Domestic team information
- 2002–2005: Suffolk

Career statistics
| Competition | List A |
| Matches | 3 |
| Runs scored | 98 |
| Batting average | 49.00 |
| 100s/50s | –/– |
| Top score | 42* |
| Balls bowled | – |
| Wickets | – |
| Bowling average | – |
| 5 wickets in innings | – |
| 10 wickets in match | – |
| Best bowling | – |
| Catches/stumpings | 2/– |
- Source: Cricinfo, 28 July 2011

= Ian Morton =

English cricketer (born 1970)

Ian Stuart Morton (born 14 October 1970) is a former English cricketer. Morton was a right-handed batsman who bowled right-arm medium-fast. He was born in Clacton-on-Sea, Essex.

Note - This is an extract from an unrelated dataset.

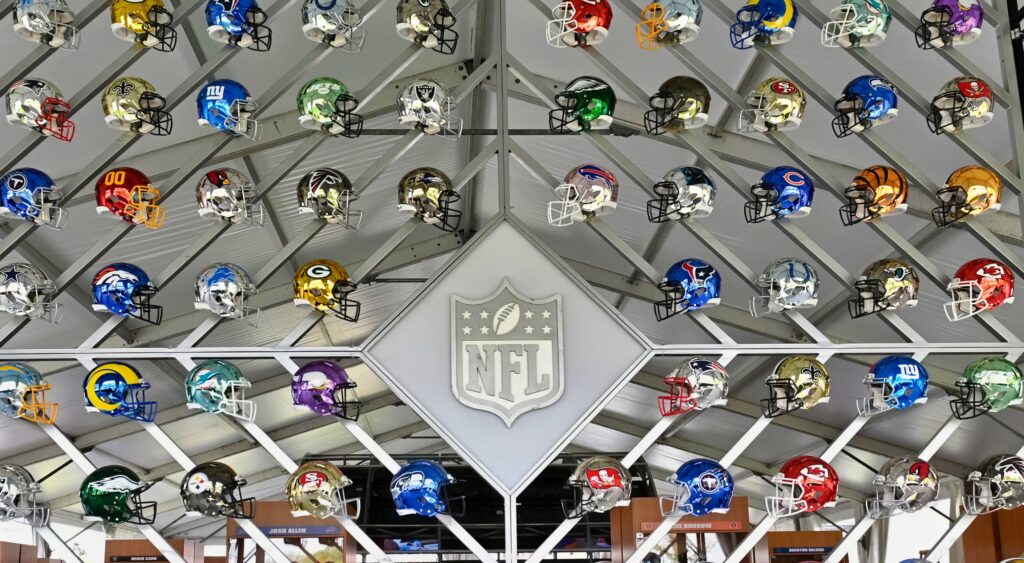 NFL helmets on display at the draft.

Morton made his debut for Suffolk in the 2002 Minor Counties Championship against Cumberland. Morton played Minor counties cricket for Suffolk from 2002 to 2005, making 14 Minor Counties Championship and 8 MCCA Knockout Trophy. He made his List A debut against Buckinghamshire in the 1st round of the 2003 Cheltenham & Gloucester Trophy, which was played in 2002. He made 2 further List A appearances, against Devon in the 1st round of the 2004 Cheltenham & Gloucester Trophy which was played in 2003, and Glamorgan in the 1st round of the 2005 Cheltenham & Gloucester Trophy. In his 3 List A matches, he scored 98 runs at an average of 49.00, with a high score of 42 not out. With the ball, he bowled a total of 9 wicket-less overs.